Our plan is to create a base that can be pulled by our garden tractor or truck. We will move it from pasture pen to pen as we rotate the horses/goats/sheep. The chickens will be the "clean up crew"! LOL

Has anyone tried this? I found some pictures of things online where folks used a truck cap to create a roof but not for a chicken tractor.


----------



## freedomstarfarm (Mar 25, 2011)

We have a chicken coop that is on a wheel system and can be moved around the yard. We free range our chickens so they really only go in it at night. Do you plan to use it for them to stay in during the day? If so be sure that it doesn't get too hot. Also if they are staying in during the day and you plan to have it over grass be sure to move it daily as we found out they kill the grass really quick if left in one spot.


----------



## Mon Reve Farm (Jun 25, 2010)

It's mostly for night time use and we plan to move it regularly since we have experience with an old (read "ugly") home made tractor we were given when we first got our chickens.

The cap will be painted light tan with a multiple-surface paint so it won't be dark. All the windows are functional for venting and cross breezes. One side of the base will have welded wire with lattice panel for venting as well.

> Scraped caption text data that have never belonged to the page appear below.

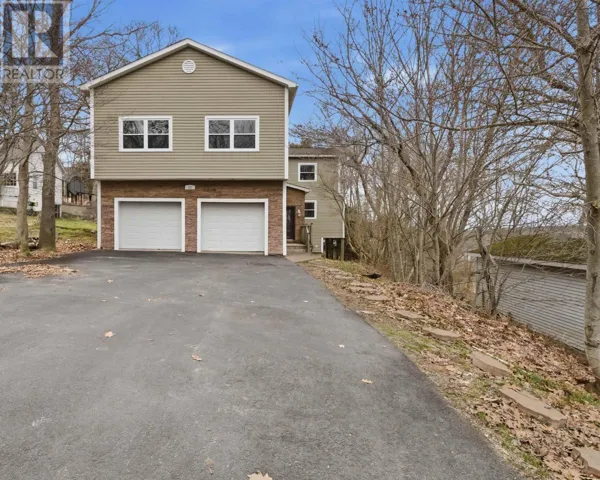 23 Locke Street, Bedford, Nova Scotia B4A1N1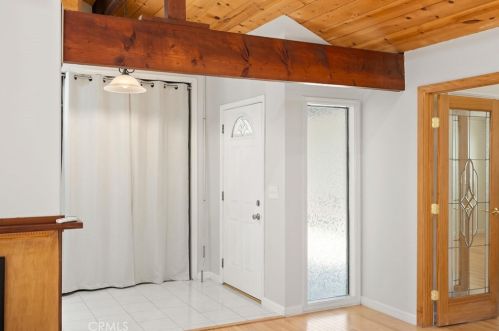 6198 Leicester Dr, Nimshew CA  95954-9634 exterior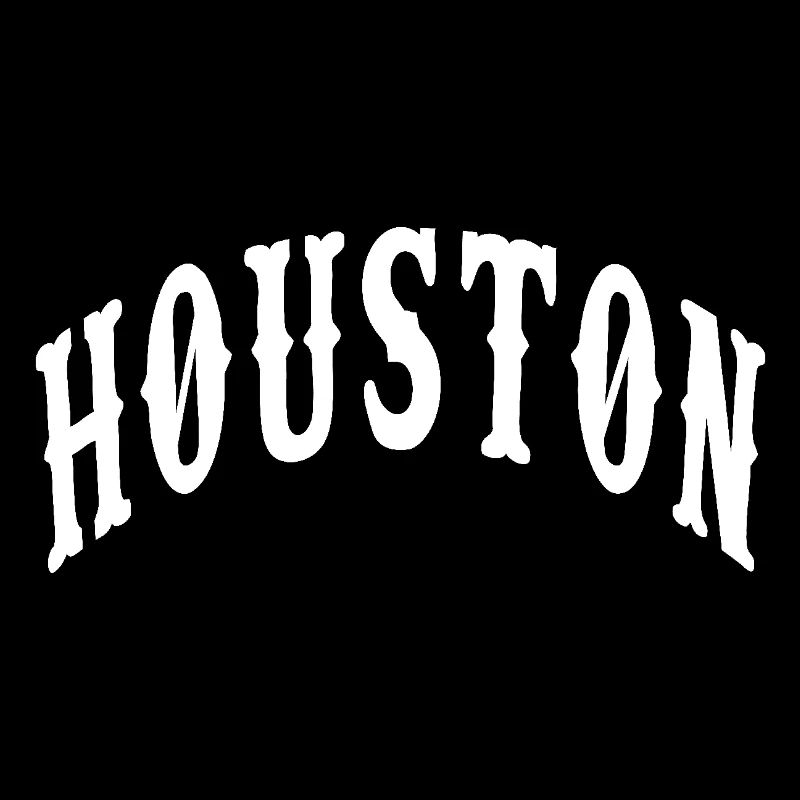 Houston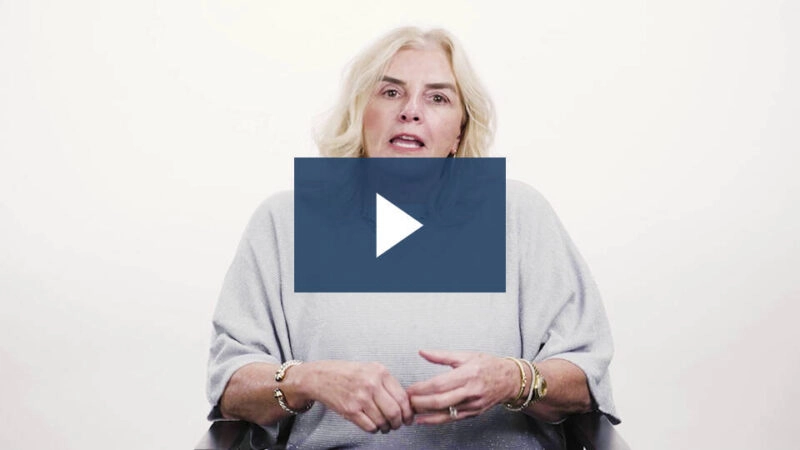 Iodine Software's Forecast Module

We already have a coop with run but decided to keep a second rooster this year and he and his harem have nee using my greenhouse. I really want my green house back. So we came up with this idea.


----------



## freedomstarfarm (Mar 25, 2011)

It sounds like a great idea! It will be nice to have the greenhouse back also. :wink:


----------



## Paige (Oct 14, 2010)

I have a chicken tractor! I raise all of my broiler chickens in it. I move them every day to fresh grass and that way they don't so fat that they can't walk. We made ours out of an old large trampoline. It is a half circle and we used the legs as the part that hold it together.


----------



## maple hill farm tina (Mar 14, 2010)

We used one for a very long time. Just be sure to move it VERY frequently (the scratching they do builds up into a garden bed VERY quickly, and that makes it hard to move after a week or so).


----------



## Mon Reve Farm (Jun 25, 2010)

Thanks guys - I have used a chicken tractor before so I am well versed in what is needed.

I'm more curious about folks using truck caps (or other odd items) to make them.


----------



## freckles (Jun 17, 2011)

I use a horse trailor for our chicken tractor. Just hook it up and move it around. Have to move the fencing also but it works out pretty good for a shelter for them.


----------